On comprend l’importance pour vous de travailler avec cette œuvre. Pourriez-vous envisager de sortir du plateau pour vous aventurer dans l’espace muséal ?

Sine Qua Non Art : En l’occurrence, l’espace muséal n’est pas toujours idéal pour travailler avec les lumières. La question s’était également posée avec Exuvie mais les conditions techniques dont nous avions besoin pour danser avec la cire avaient aussi tranché. C’est une question qui nous occupe mais que nous prenons le temps de considérer. Nous voulons poser un geste qui soit juste, avant d’aller au musée. Il ne s’agit pas de trouver une recette qui soit valable pour n’importe quel lieu mais de construire une proposition qui naisse de la conjonction entre des personnes et une structure. Nous croyons aux rencontres, comme avec Etienne Rey et sans doute cela se fera un jour mais pas maintenant.

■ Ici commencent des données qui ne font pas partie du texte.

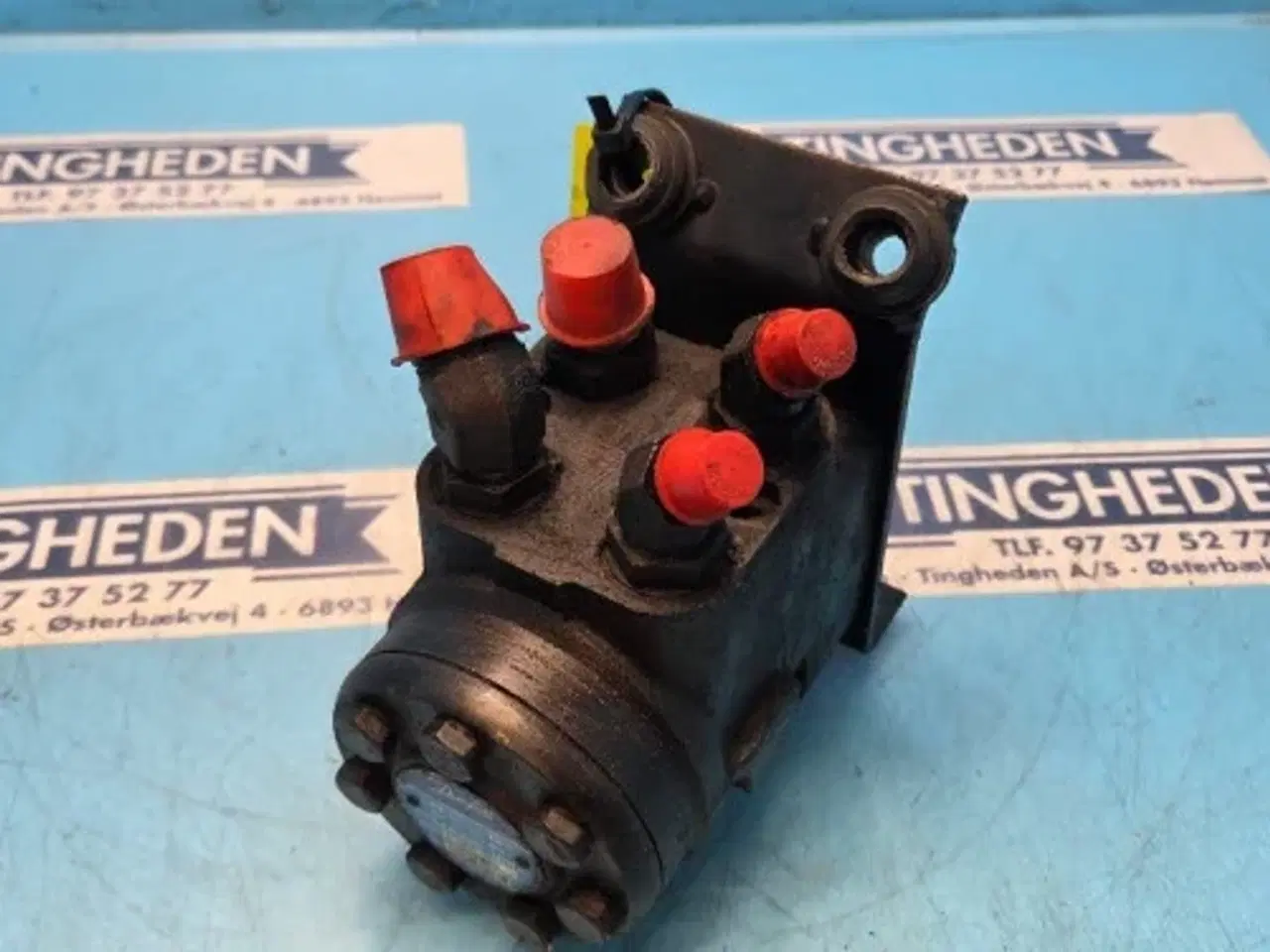 Billede 10 - Massey Ferguson 3060 Orbitrol 150N1209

Sine Qua Non Art présente Versus aux Hivernales

Nous avons été très content de travailler sur cette oeuvre, de chercher à en montrer le potentiel. Au travers des différentes parties du spectacle, le regard sur la sculpture change. On en sent d’abord l’aspect imposant anormal pour peu à peu découvrir ses possibilités lumineuses et onirique. Cela implique un jeu cinématographique de l’ordre du zoom et du rythme.

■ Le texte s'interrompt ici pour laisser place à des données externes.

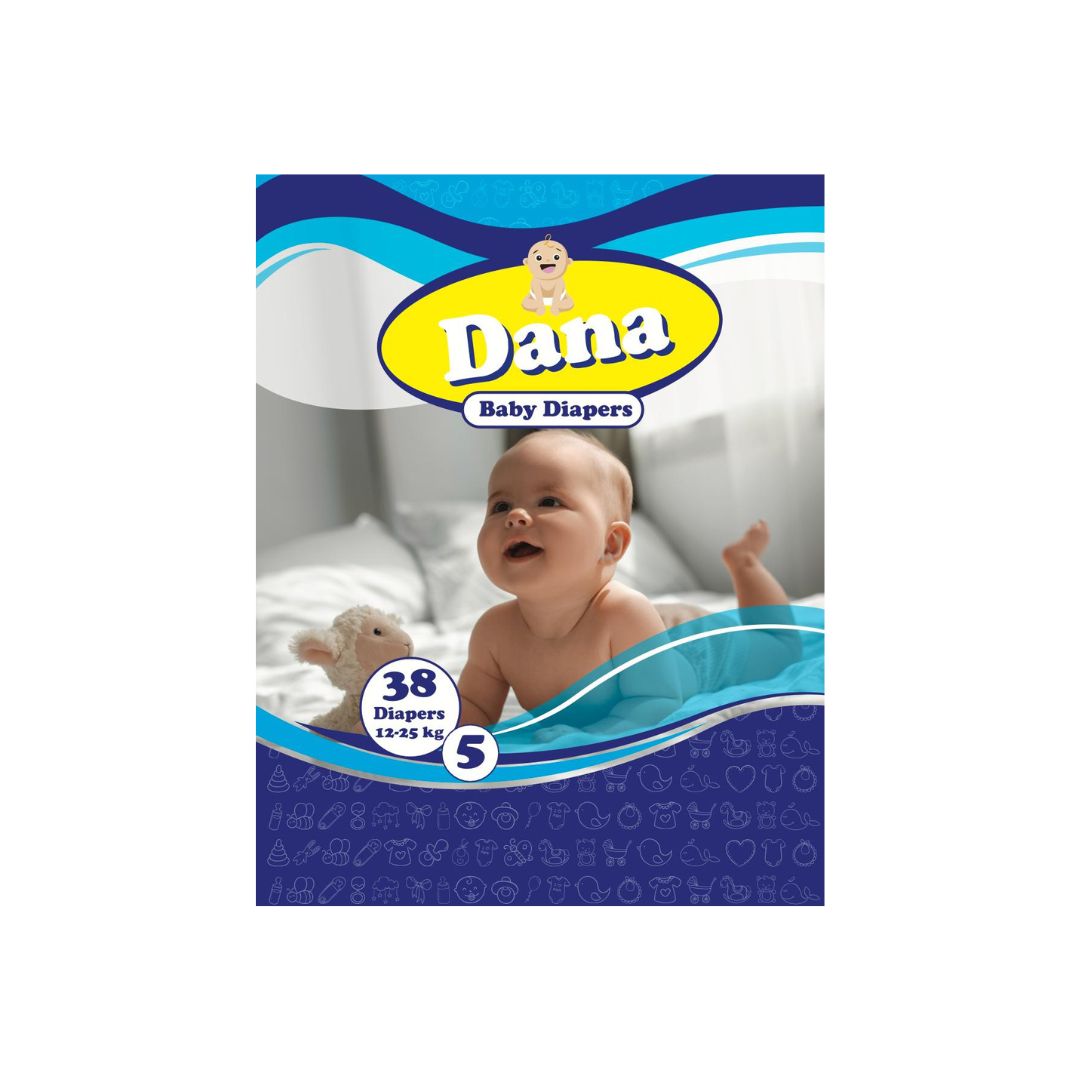 Baby Diapers 12-25Kg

Comment jouez-vous vous-même du regard au sein de cette installation très optique ?

Sine Qua Non Art : D’entrée de jeu, il y pour le spectateur selon sa position dans le gradin une perception troublée, colorée des corps. L’optique fait exister très différemment cette pièce d’une personne à l’autre. On peut dire que chacun devient acteur de ce spectacle. Nous échangeons nous-mêmes peu de regard dans la pièce, tout s’est joué en coulisse. Nos solos se répondent comme nos reflets mais ces différences nous les avons creusées en amont.

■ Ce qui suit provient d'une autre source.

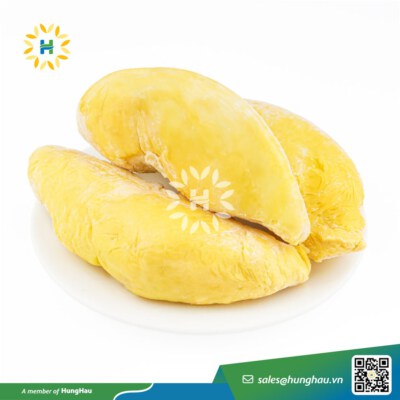 IQF Frozen Ri6 Durian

Versus est intitulé solo et en même temps vous êtes deux : contradiction ?

Sine Qua Non Art : Il y a quelque chose d’autobiographique dans cette création qui renvoie dos à dos deux soli. Cette co-écriture reflètent nos différences de personnalités et d’expériences sans chercher à ce que l’un se fonde dans l’autre. Versus crée un troisième espace : deux écritures qui se renforcent mutuellement. Le public voit un duo sans contact, une succession de solo que les ombres colorés paraissent dédoubler. Il y a quelque chose de concret et charnel dans cette superposition. Certains mouvements sont repris par l’autre, il peut y avoir des formes d’appropriation, d’imprégnation mais jamais ces deux individualités ne se dissolvent. Au contraire les singularité denos façon de danser se renforcent, que la structure tourne au pas ou qu’elle crée un vortex…

Sur scène un musicien électro et un ténor prolonge également cette sensation du double…

Sine Qua Non Art : C’est une fois encore deux univers qui n’ont rien à voir qui s’entrechoquent, qui s’apprivoisent. Cela a demandé du temps pour que les deux musiciens puissent de leur différences faire sens commun mais c’est en effet un écho à notre démarche de co-écriture. Nous avons deux corps singuliers, des formations qui nous ont orientés dans des directions autres et rassembler tout ça casse les habitudes. Au sein de nos ateliers, nous nous frottons à l’inconnu, nous cherchons à apprendre des autres, ici nous avons encore chercher à aller plus loin.